**Required action**
The answer must be the lines from the one containing "Gestructureerd poloshirt met" through the last line of the data below, copied exactly, with nothing else.

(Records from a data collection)

/---

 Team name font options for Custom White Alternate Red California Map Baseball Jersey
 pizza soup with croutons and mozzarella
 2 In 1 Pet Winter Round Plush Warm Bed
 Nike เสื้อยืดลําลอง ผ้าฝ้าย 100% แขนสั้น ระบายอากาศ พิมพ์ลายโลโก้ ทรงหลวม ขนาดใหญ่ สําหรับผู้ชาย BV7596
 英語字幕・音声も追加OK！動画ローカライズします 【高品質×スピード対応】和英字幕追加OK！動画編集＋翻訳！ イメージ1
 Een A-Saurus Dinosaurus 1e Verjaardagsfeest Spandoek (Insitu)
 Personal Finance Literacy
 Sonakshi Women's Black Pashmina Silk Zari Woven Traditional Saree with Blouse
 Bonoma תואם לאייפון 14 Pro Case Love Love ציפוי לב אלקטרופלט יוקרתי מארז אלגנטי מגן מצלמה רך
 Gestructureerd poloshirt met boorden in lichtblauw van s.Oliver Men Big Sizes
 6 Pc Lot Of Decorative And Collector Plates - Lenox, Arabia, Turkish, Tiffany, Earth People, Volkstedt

\---

**Task response**
 Gestructureerd poloshirt met boorden in lichtblauw van s.Oliver Men Big Sizes
 6 Pc Lot Of Decorative And Collector Plates - Lenox, Arabia, Turkish, Tiffany, Earth People, Volkstedt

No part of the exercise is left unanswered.